Figure 6.47 shows the two "File.Upload.HTTP"
events from 40.80.148.42 (srcip)
to 192.168.250.70 (tranip)
:
Figure 6.47 – File transfer signature
The following query of the suricata
sourcetype also helps us identify an outlier. We can identify the 40.80.148.42
host as malicious based on the number of events and the number of distinct signatures that are detected by Suricata:
index=botsv1 earliest=0 sourcetype="suricata" dest=imreallynotbatman.com | stats count dc(signature) as signatures by src
Figure 6.48 shows the chart. Note that we removed the legend by setting Legend to None in the Format options:
Figure 6.48 – Scatter plot chart shows the count and distinct signatures by src
We look at bubble charts in the next section.
Bubble charts
Bubble charts are like scatter plots, but the size of each point on the chart represents a measure of some aggregate in the data. For example, the following Splunk query of the suricata
data generates the count, total bytes, and distinct count of signatures for all the external traffic in the Suricata logs:
index=botsv1 earliest=0 sourcetype="suricata" NOT (src=192.168* OR src=2001:* OR src=fe80:* OR src=0*) | stats count sum(bytes) as bytes dc(alert.signature) as sig_count by src
We select Visualization and choose Bubble Chart. The resulting bubble has three dimensions:
- Count—Indicated by the location of each data point on the x axis
- Total bytes—Indicated by the location of each data point on the y axis
- Distinct signatures—Indicated by the size of the bubble
Figure 6.49 shows a very large bubble on the rightmost side of the chart. Can you guess which host is represented by this large bubble? If you guessed 40.80.148.42
, you are correct:
Figure 6.49 – Bubble plot chart shows the count and number of bytes by src
Now, let’s look at ways that we can display data on maps.
Choropleth maps
Splunk map visualizations allow us to see where traffic originates geographically. There are two types of maps in Splunk:
- Cluster maps—Show aggregated values in a geographical region
- Choropleth maps—Useful for showing how an aggregated value ranges across a geographic region
The following query shows the source countries for the traffic in our fortigate_traffic
sourcetype. We eliminate events where the srccountry
type is Reserved
(usually indicating a class C
host) and any traffic from the United States
. We click on the Visualization tab and select Choropleth Map:
index=botsv1 earliest=0 sourcetype=fortigate_traffic srccountry!=Reserved srccountry!="United States" | stats count by srccountry | geom geo_countries featureIdField=srccountry
To generate a choropleth map, we first need to generate an aggregate of a field. In our preceding example, we are counting the number of events from each source country. This aggregate could range from counts to the distinct number of signatures to the size of bytes. The next step in the query uses the geom
command to specify to Splunk that we want a choropleth map. We specify the geo_countries
lookup, which is part of the lookups available in Splunk. We indicate that we will be aggregating based on the featureIdField
specified (srccountry
).
As with most charts, a choropleth map has multiple formatting options, such as the following:
- Zoom on Scroll—Determines whether using the scroll feature on the mouse triggers a zoom of the map (see Figure 6.50)
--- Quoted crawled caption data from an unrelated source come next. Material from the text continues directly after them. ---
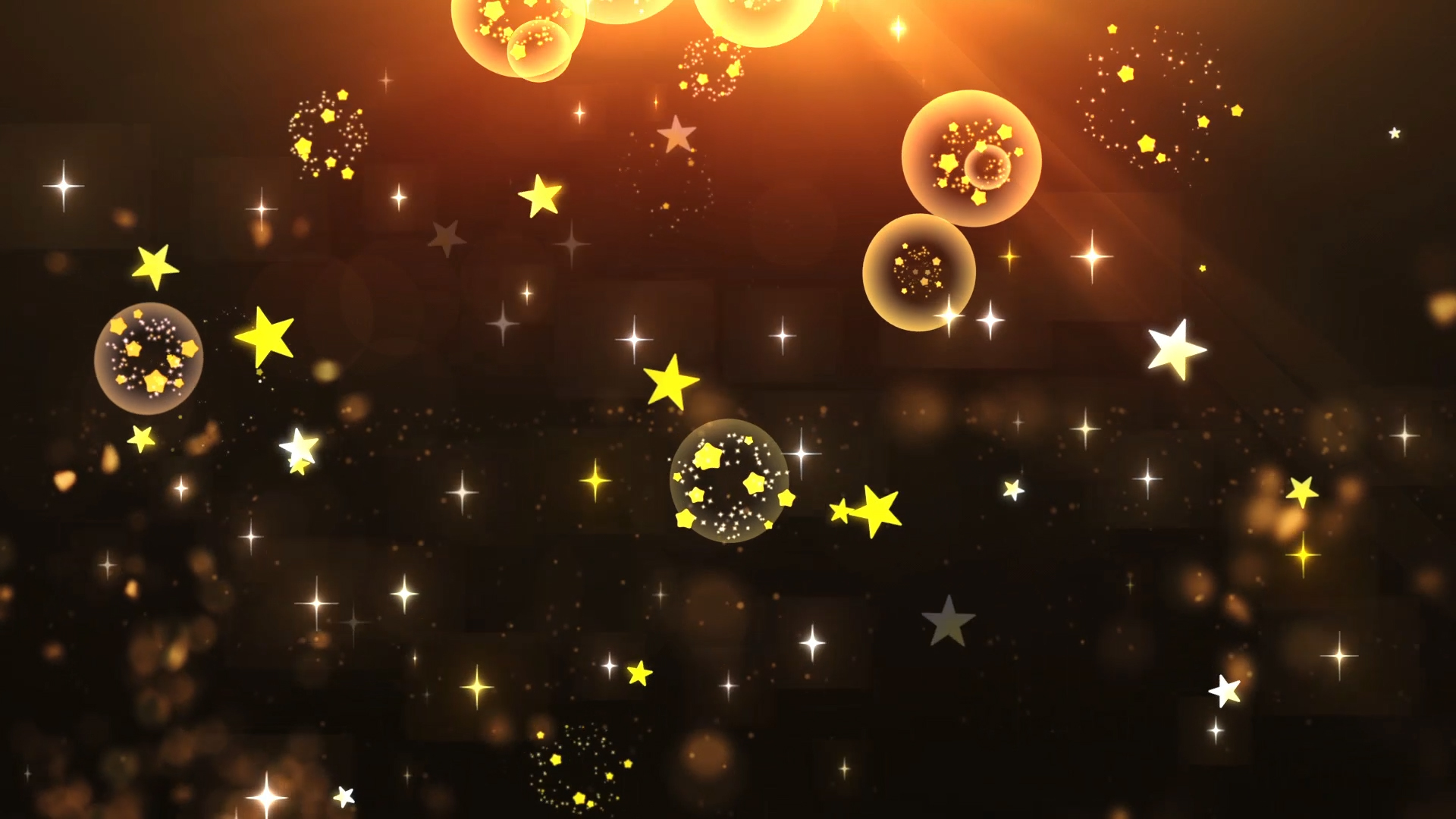黑金色星星光效背景AE模板视频的预览图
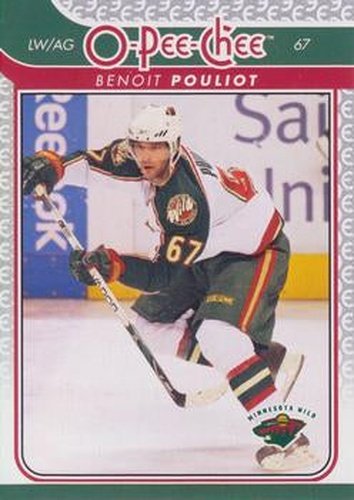 #274 Benoit Pouliot - Minnesota Wild - 2009-10 O-Pee-Chee Hockey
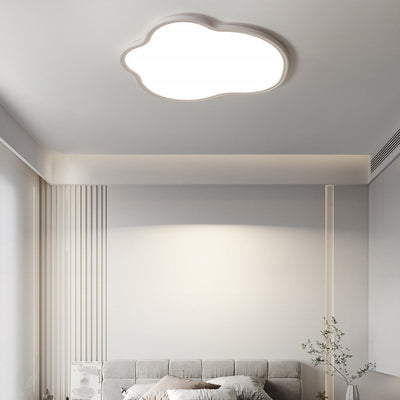 Modern Minimalist Aluminum Acrylic Irregular Cloud LED Flush Mount Ceiling Light For Bedroom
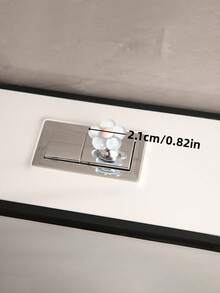 2/1pc Elegant Flower-Shaped Toilet Flush Button, Drill-Free Installation, Suitable For Bathroom Decor - Multicolor - View 5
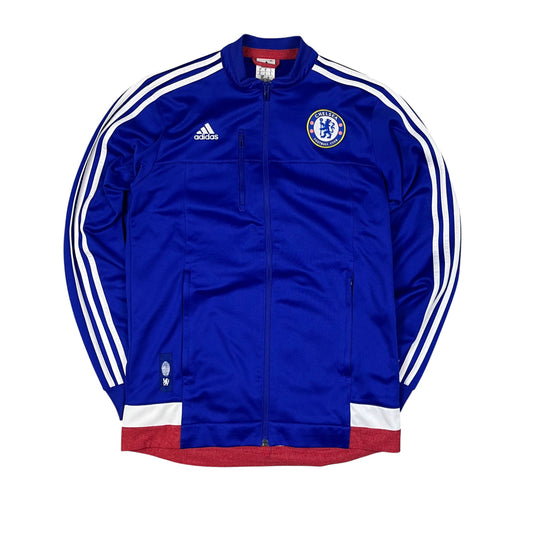 Adidas Chelsea Trainingsjacke in dunkelblau/weiß/rot Größe (M)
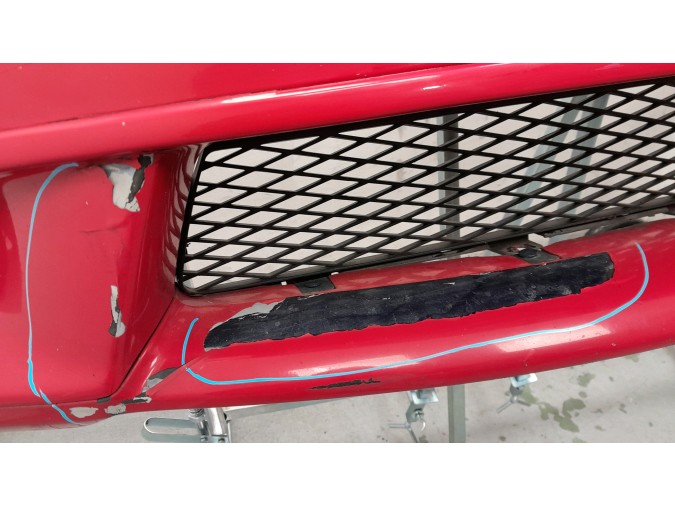 PARAGOLPES DELANTERO TOYOTA CELICA ROJO 2001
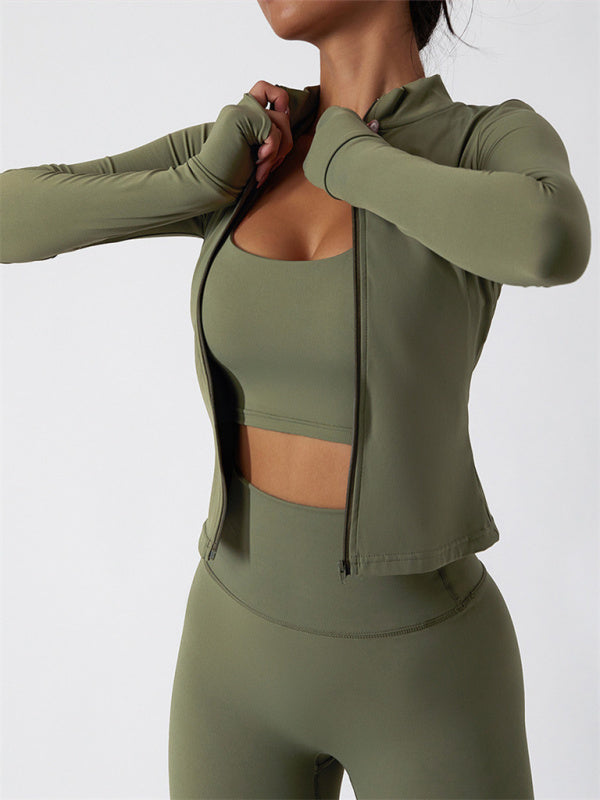 Bailee Women's Breathable Quick-Drying Long-Sleeved Cardigan Jacket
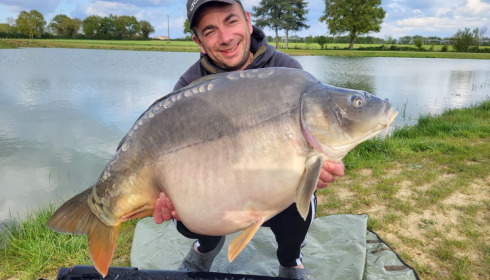 A carp from Heart Lake, Apr 2023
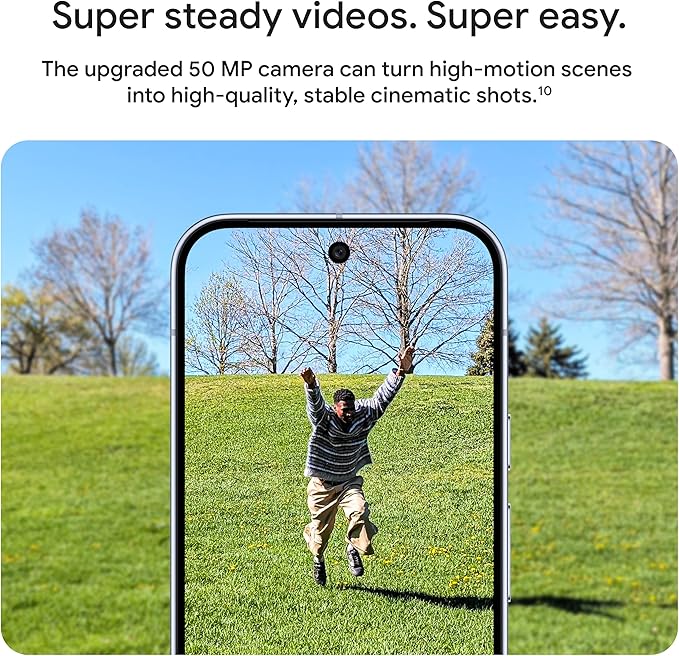 Google Pixel 10 Pro XL - Unlocked Android Smartphone - Gemini AI Assistant, Triple Rear Camera System, Fast-Charging 24+ Hour Battery, and 6.8" Super Actua Display - Obsidian - 256 GB (2025 Model)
- Latitude/Longitude/Zoom—Define the initial display of the map and allow us to specify which area of the world that we want to focus on (see Figure 6.50):
Figure 6.50 – Format options for a map chart
- Colors—Defines which colors and what intensity and scaling are used to represent the aggregate values (see Figure 6.51):
Figure 6.51 – Color options for a map chart
Figure 6.52 shows the resulting choropleth chart:
Figure 6.52 – Final choropleth map
The charts discussed in this section not only enhance the insights that we get from Splunk but also allow us to almost immediately detect outliers. Sometimes, a simple table will suffice for conveying research, but other times, a beautiful choropleth chart makes a much bigger impression.